• ABOUT THIS TASK:
Begin at the first line of the data and copy each line through the one containing "LUV FASHION Golden", that line included, with no pictures.

• PROVIDED MATERIAL:
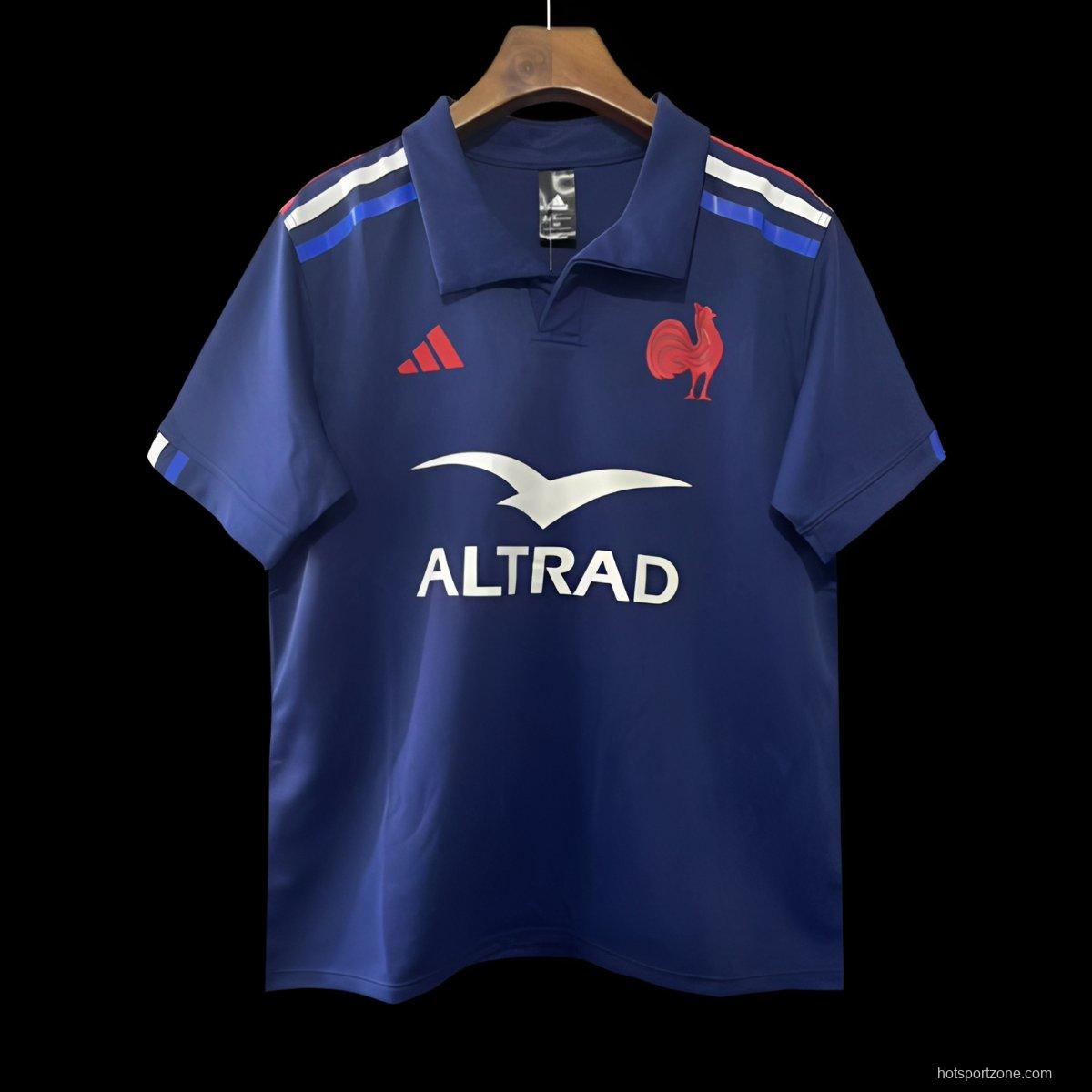 2025 France Navy Blue with Tricolor Stripes Home Jersey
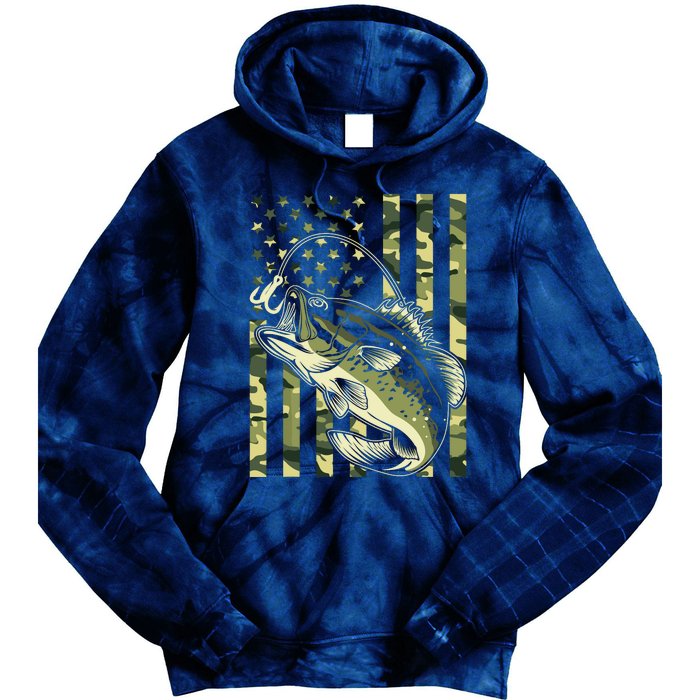 Fishing For Bass Fish Fisherman Fishing Camouflage Tie Dye Hoodie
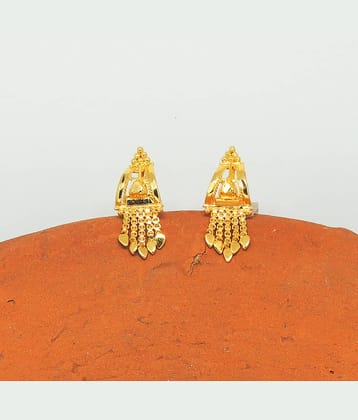 LUV FASHION Golden Jhumki Earrings ( Pack of 1 )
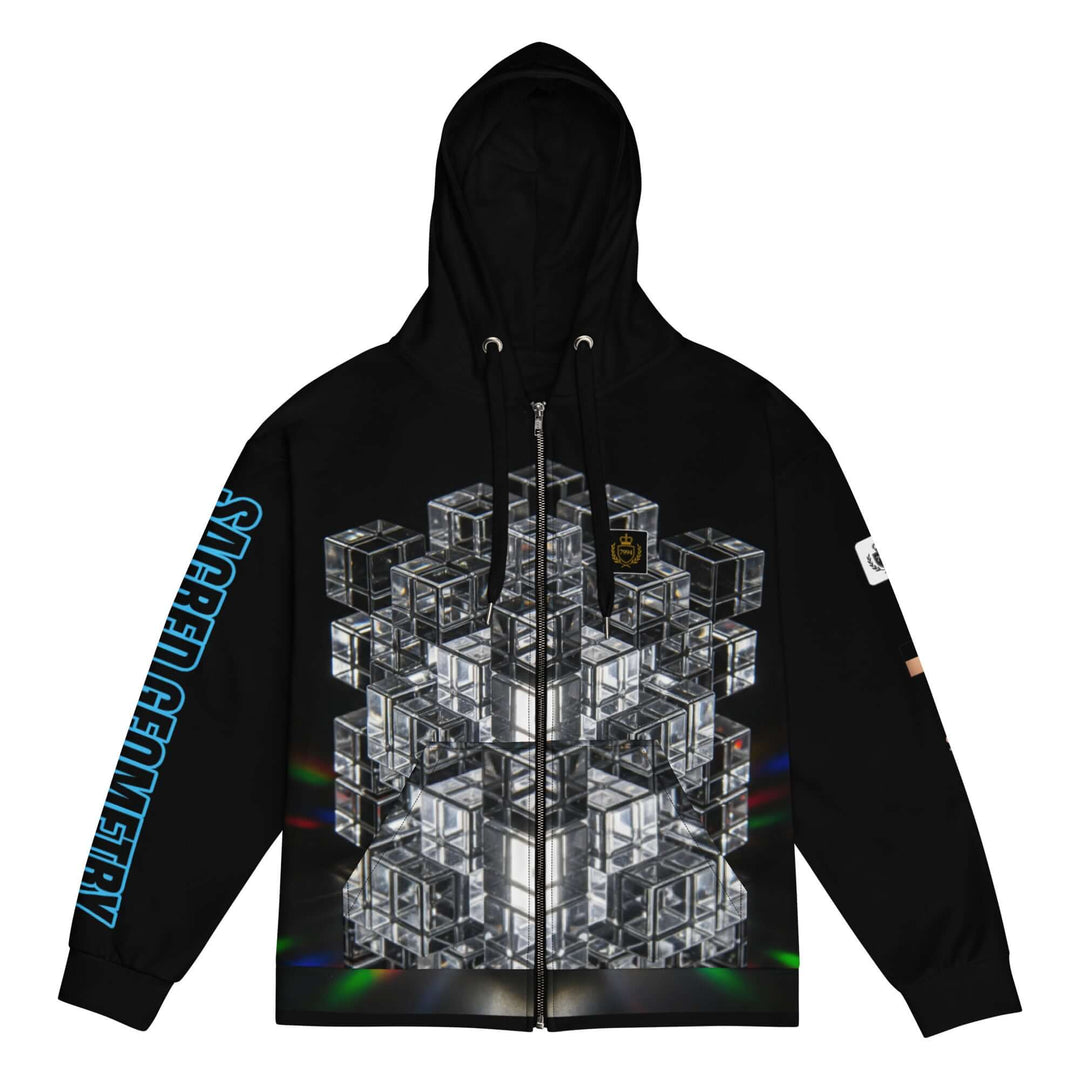 A black zip-up hoodie featuring a large central graphic of a 3D isometric cube structure made of transparent-looking blocks with rainbow light effects. The left sleeve has vertical blue text reading &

• RESPONSE TO THE EXERCISE:
 2025 France Navy Blue with Tricolor Stripes Home Jersey
 Fishing For Bass Fish Fisherman Fishing Camouflage Tie Dye Hoodie
 LUV FASHION Golden Jhumki Earrings ( Pack of 1 )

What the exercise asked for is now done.